ANC sheds light on crucial policy positions
Bongani Mthembu, Stuart Graham, and Natasha Marrian
Durban - The ANC shed more light on some crucial policy positions on Tuesday, as the party's national general council entered its second day in Durban.
Its National Health Insurance (NHI) scheme, with an initial price tag of R128bn, would be introduced from 2012, ANC news briefings around the closed session revealed.
Party heavyweights also spoke about the hot topics of nationalisation and a proposed media tribunal.
ANC’s health sub-committee chair Zweli Mkhize said NHI would be phased in over 14 years.
"(It would be) rolled out for a start in 2012 in the seriously under-served areas where people have difficulty accessing health care."
The programme was expected to cost R128bn in its first year, increasing to R376bn by 2025. It was aimed at providing affordable universal health coverage to South Africa.
Medical aid vs NHI
"Membership to the NHI would be compulsory for the whole population but the public can choose whether to continue with voluntary medical scheme cover," Mkhize said, reading from proposals that will be discussed at the NGC.
The proposal suggests that the NHI be funded from various sources including a surcharge on taxable income, payroll taxes for employees and employers, and an increase in value added tax which is earmarked for the NHI.

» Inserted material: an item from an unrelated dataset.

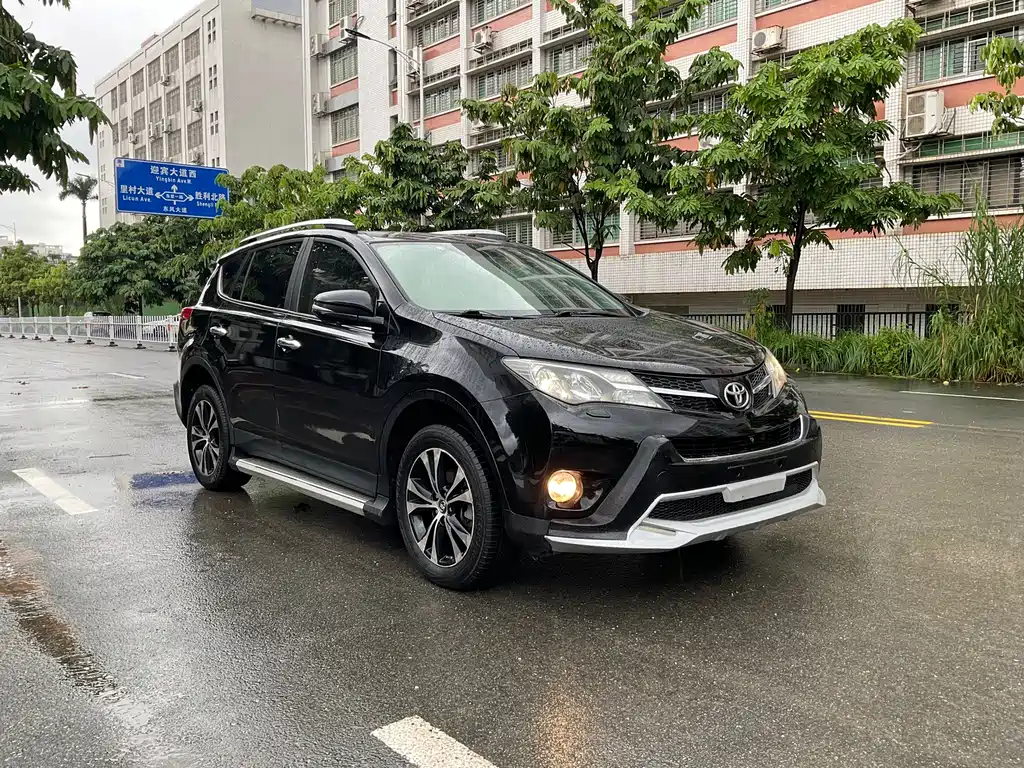 Toyota RAV4 2015 — фото 2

"The main source of revenue for the NHI fund will be allocations from general taxation," Mkhize said.
All of this will be combined in the NHI fund from which all services covered by the NHI system will be funded.
Olive Shisana, chair of the parliamentary portfolio committee on health, said private hospitals could choose to remain private.
Delegates broke into closed commissions on Tuesday, the second day of the week-long conference. Media were barred from attending, and completely locked out of the International Convention Centre.
ANC secretary general Gwede Mantashe said the commissions had to be closed because delegates had to be comfortable to express themselves freely.
He sought to clarify the party’s position on nationalisation of the mines during a media briefing earlier in the day, saying the debate around the contentious issue had to be broadened.
The ANC Youth League has been punting nationalisation of the mines for months with the aim of it being ANC policy. Mantashe said the "significance" of the league’s introduction of the debate was that it allowed the party to begin to talk about the state playing a keener role in the economy.
He said the banking sector had to be looked at.
Asked about the hotly debated media appeals tribunal, to be discussed by delegates at the NGC, Mantashe said a "spin-off" of discussions was the appearance of more apologies in the papers.
"Since the debate started we are seeing more apologies in the newspapers," he said.
"The problem is people don't check their facts and they write."
He believed an appeals panel independent of the press ombudsman was needed so that injured parties had somewhere else to go.
"There must be a way that you can appeal a ruling by the ombudsman," he said.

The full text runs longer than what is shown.